A: The most preferred option is to stress the tendon in the subsequent pour. However, the following items should be factored in:
a) The 7% Elongation Range must be revised.
Since you have a longer pull, the elongation calculation needs to be revised also. This should be noted in the elongation records from the PTI-Certified Inspector. A thumb-rule is to just add Min1+Min2 and Max1+Max2 together. For example,
- First pull of 50′ would be Min1 = 3.72″ and Max1 = 4.28″
- Second pull of 100′ would be Min1 = 7.44″ and Max1 = 8.56″
- New elongation range for 150′ pull would be Min1 = 3.72″ + 7.44″ = 11.16″ and Max1 = 12.84″.
- The new range is an close approximation. A more accurate range can be calculated with PT software. This is especially important for very long pulls.
b) The force in the tendon will likely be less.

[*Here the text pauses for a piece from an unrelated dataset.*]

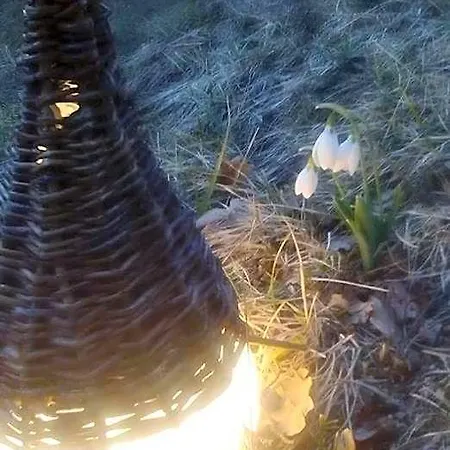 База отдыха Omaya Eco Village Gaytaninovo
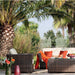 Samoa Sofa with Cushions in a Pelican Reef Samoa collection setting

Since the stressed tendon length is now longer, your angular and wobble friction have likely increased somewhat due to the increased number of spans. In other words, the final average force will drop in both pours for that particular tendon.
- Previously, the 50′ pull may provide 27.5 kips of force in Pour #1.
- Previously, the 100′ pull may provide 27.3 kips of force in Pour #2.
- Now, the 150′ pull may provide only 26.9 kips of force in Pours #1 and #2.
c) The intermediate anchor has been abandoned.
The force within the 150′ tendon will be transmitted uniformly through the construction joint. Conversely, the 50′ tendon transmits force only within Pour #1 and the 100′ tendon transmits force only within Pour #2 (i.e. the construction joint “locks-off” the force within each pour). This is important should be there be any repair/renovation conducted in the future.